Safra ile atılamayan bilirubin maddesi ile birlikte ciltte safra tuzları da birikir ve bu durum kişinin deri yüzeyinde şiddetli kaşıntı hissine neden olur.

Koyu Renkli İdrar

Normalde safra aracılığıyla sindirime katılan ve bağırsağa geçip oradan dışkı ile birlikte atılan bilirubin, karaciğer hastalarında safra yapımı gerçekleştirilemediği için idrara geçer ve vücuttan bu yolla atılır. Bu nedenle karaciğer hastalarının idrar rengi normale göre daha koyu, çay rengine benzer görünümdedir.

Soluk Dışkı Rengi

Bilirubin maddesi safra aracılığı ile sindirim kanalına katılıp dışkı ile atılamadığı için dışkının rengi normale göre soluklaşır.

Dışkıda Kan

Kanın pıhtılaşmasında rol oynayan faktörler karaciğerde üretilir ve karaciğerin hastalanması durumunda yeteri kadar pıhtılaşma faktörü üretilemez. Bu durum kanın pıhtılaşmasını zorlaştırır ve daha kolay kanamalara yol açar. Bu durumun en yaygın belirtilerinden biri dışkıda kan görülmesidir.

Kronik Yorgunluk

Vücut sistemlerinin işleyişinde meydana gelen ciddi aksaklıklar kişinin hem sindirim hem de enerji metabolizmasını bozar ve kronik yorgunluk tablosu ortaya çıkar. Uzun süreli yorgunluk durumu karaciğer rahatsızlıkları ile birlikte sık görülen bulgulardan biridir.

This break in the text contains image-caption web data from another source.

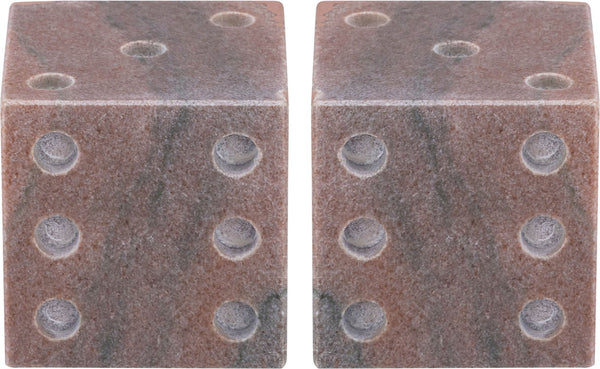 Meridian Furniture Dice Hand Carved Natural Stone Sculptural Tabletop Accent Set of 2 for Shelf Styling Pink Genuine Marble ACC117-Pink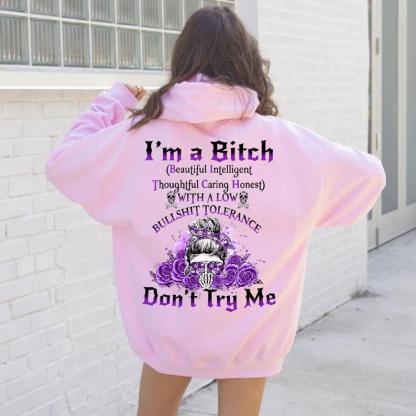 Yes I’m a B Flower Skull All Over Print Hoodie Don't Try Me I'm The B*tch Gen X Unisex Oversized Cotton Blend Casual Everyday Wear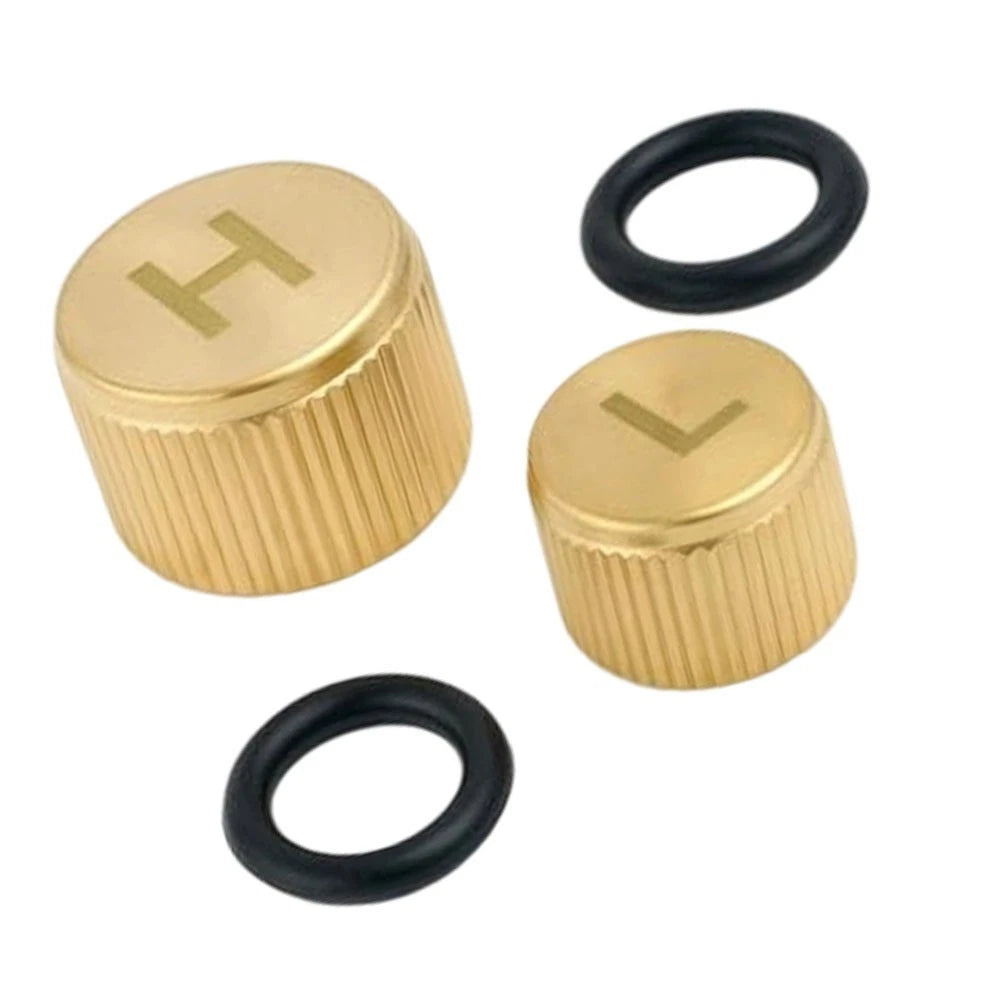2pcs For R134a A/C Service Port Brass High Side and Low Side Valve Cap Set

Mide Bulantısı, İştah Kaybı ve Kusma

Karaciğerde üretilen pek çok enzim vücutta hem sindirim hem de enerji metabolizmasının sürdürülmesi için son derece önemlidir. Bu enzimlerin üretiminde meydana gelen aksaklıklar sindirim işlevini ve dolayısıyla enerji metabolizmasını baştan sona etkiler. Bunun sonucunda görülen mide bulantısı, kusma, iştah kaybı gibi beslenme ile ilgili problemler karaciğer rahatsızlığı belirtileri arasında yer alır.